Commitment, passion, intimacy”: such is the motto any retailer, selling food or anything else, should follow.

Can We Have a Scientific Understanding of the Consumer’s Behavior?

From 2011 to 2013 Kempka was responsible for the development of eye-tracking devices. Now, since 2014, he has been involved in “eye-tracking, path-tracking, traffic intelligence, web usability and virtual shopping.” I asked him if he ever had customers strolling into a supermarket with a mass of sensors in their heads and recording machines on them. This may happen in the future, but for now, most experimentations happen in labs where guinea pigs are exposed with carefully tailored stimuli, logos, colors, smells, even representations of entire environments through VR devises.

Neuroscientific experimentations are conducted with various methodologies. For now, Kempka says, the company he is working at focuses on brainwaves and cerebral areas that lighten up or remain inert—when the guinea pigs are exposed to specific stimulus or parts of the virtual environments they are immersed in.

Today, many supermarkets still tend to scatter their goods as to force the customer into walking through the whole store. This technique was valuable before. Now, however, it only adds stress to already stressful lives—consumers are busy people too—especially since more and more people know about it. Another type of organization is trending instead: making clear paths for the consumers, so that they feel helped and feel like they have more time, not less, to browse the store. Be in a cushier place—shop more! Perhaps working on brains fosters empathy, too.

If one is a young brick and mortar entrepreneur, one should prepare for flexibility in the very organization of the shelves as well as what products one is focusing on. There will be mistakes, trial and error will be the only way to get it right, so, be okay with relying on intuition, direct customer feedback and the ability to change the organization of the store overnight. Only later will the entrepreneur be able to invest into development, especially since he will already have an empirical sense of patterns before he prepares to get them understood analytically by the kind of lab Kempka is working at.
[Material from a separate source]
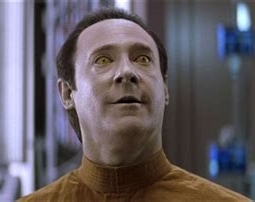 B-4 from Star Trek Nemesis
Whatever the products sold, choice should be emphasized. If you run a pizzeria, you should have at least 30 pizzas on the menu, and let the client ask for two half-pizzas with a different pizza on each—say, a four-cheese along with a tuna-and-pesto, in one pizza. If you run an ice cream stand, you should have lots of flavors, not to forget the supplement. Better yet: allow the customers to make their own blends. They are not doing dirty shopping to get anonymous staple food, they are being involved and taken care of.

“Once again: commitment, passion, intimacy.”

How to be future-ready?

As you may know if you have been reading my blog for a while, I always end my interviews by asking the same question: what advise what you give to someone willing to be ready for whatever the future holds? My meeting with Kempka is no exception. When I ask him, his answer is all in elegant sobriety: “focus on initiative, be open-minded, on the look for potentials of development.

From the point of view of a retail store, this should go along with the proper equilibrium between building customer retention and being flexible. Loyal customer, unlimited choices, help with choosing and strolling, because the store of tomorrow will be more than a store: it will be a social location.